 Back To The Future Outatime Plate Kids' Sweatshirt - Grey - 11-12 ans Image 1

...

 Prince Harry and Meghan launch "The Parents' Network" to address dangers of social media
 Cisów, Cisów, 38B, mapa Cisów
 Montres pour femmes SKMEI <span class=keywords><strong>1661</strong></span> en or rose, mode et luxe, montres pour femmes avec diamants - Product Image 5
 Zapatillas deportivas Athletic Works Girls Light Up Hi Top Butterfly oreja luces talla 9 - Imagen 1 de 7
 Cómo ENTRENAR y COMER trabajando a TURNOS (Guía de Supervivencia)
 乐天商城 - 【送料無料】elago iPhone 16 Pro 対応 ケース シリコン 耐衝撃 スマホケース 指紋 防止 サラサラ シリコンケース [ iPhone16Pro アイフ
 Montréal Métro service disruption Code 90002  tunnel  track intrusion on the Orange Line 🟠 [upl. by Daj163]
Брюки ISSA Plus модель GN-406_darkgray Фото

* * *

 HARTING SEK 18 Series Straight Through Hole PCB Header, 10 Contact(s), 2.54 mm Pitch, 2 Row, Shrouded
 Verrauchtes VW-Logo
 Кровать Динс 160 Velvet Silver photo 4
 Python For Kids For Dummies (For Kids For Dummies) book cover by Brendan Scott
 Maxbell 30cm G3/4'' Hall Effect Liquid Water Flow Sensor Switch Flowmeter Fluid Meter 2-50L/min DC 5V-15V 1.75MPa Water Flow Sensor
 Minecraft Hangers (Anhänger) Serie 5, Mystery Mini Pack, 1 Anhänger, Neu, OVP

▸ What is needed:
If a line of the data holds the string "Kids", list it.

▸ Solution to this problem:
 Back To The Future Outatime Plate Kids' Sweatshirt - Grey - 11-12 ans Image 1
 Python For Kids For Dummies (For Kids For Dummies) book cover by Brendan Scott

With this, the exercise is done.